As an aside, you can work with measures this way too; if you let $\mu$ be the probability measure associated to the process we've been discussing, you can write $$\mu(S) = p\mu\left(\frac{S}2\right) + (1-p)\mu\left(\frac{S+1}2\right)$$ which has the same structure. If you're happy to work with measures and don't want to try differentiating the measure any further, then they're a good answer to your search as well.
I might note that these absolutely cannot see the sort of holes that you are talking about - but every finite measure on $\mathbb R$ is supported on a totally disconnected set (because only countably many points can have positive finite mass, and any countable set of points not including such a point has no measure). Generally, with probability, the "blurring" effect of using smooth test functions is actually desirable, because the measure of an interval is not the sum of the measures of its points. This is also why one rarely every works with functions when dealing with measures, but instead works with $L^p$ spaces (whose members are not functions, but rather almost-everywhere equivalence classes of functions).

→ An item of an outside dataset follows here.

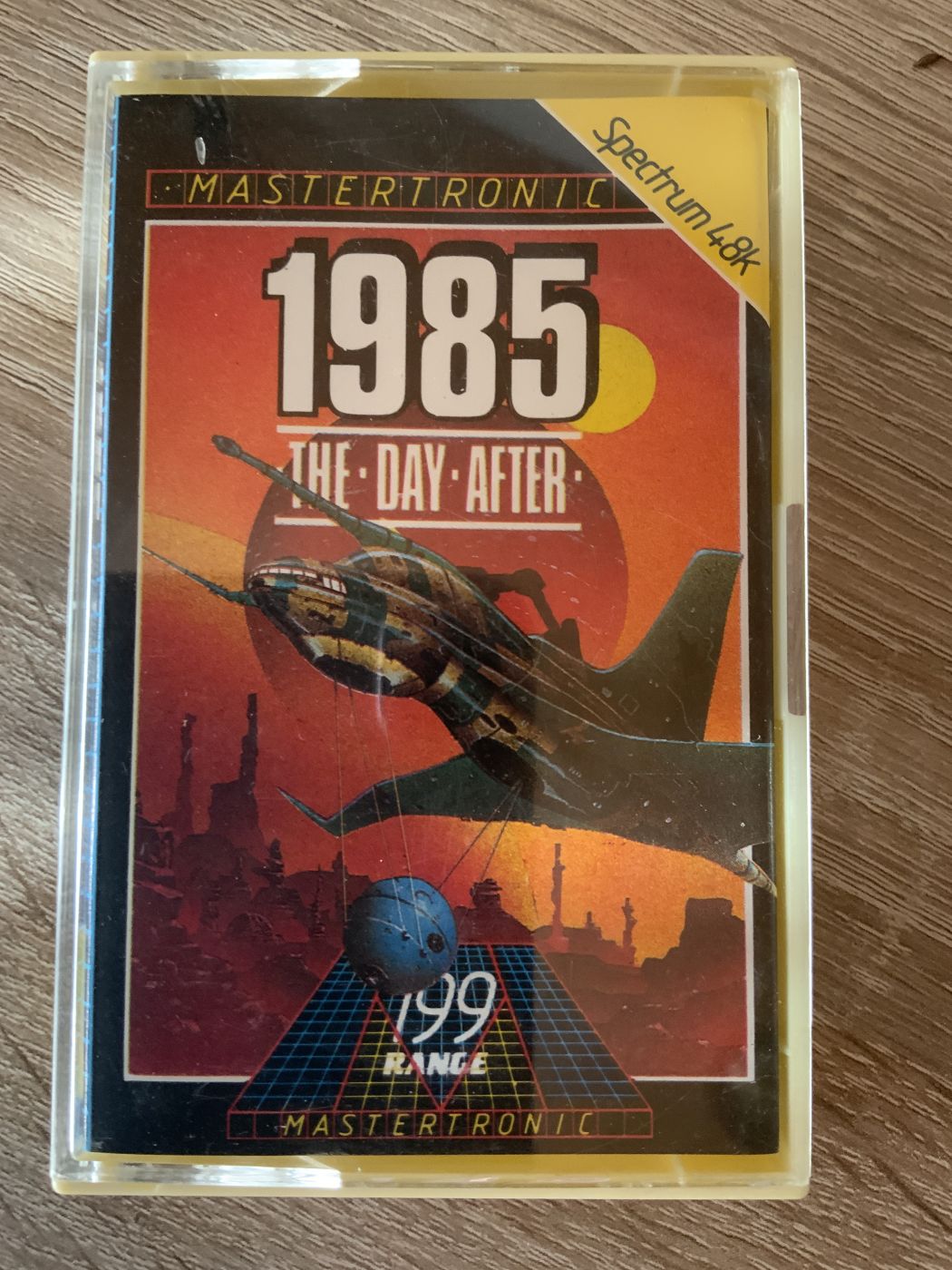 1985 The Day After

To say this more generally: a function is defined by the fact that it can be evaluated at any point. This is not really something you desire when talking about probability distributions, because the quantity is too spread out to register evaluation. A measure, more usefully, is defined by the fact that it can integrate against continuous functions (e.g. as in the Riesz representation theorem) and then a distribution is a generalization which can integrate against smooth functions. The latter two objects tend to be more useful in these situations.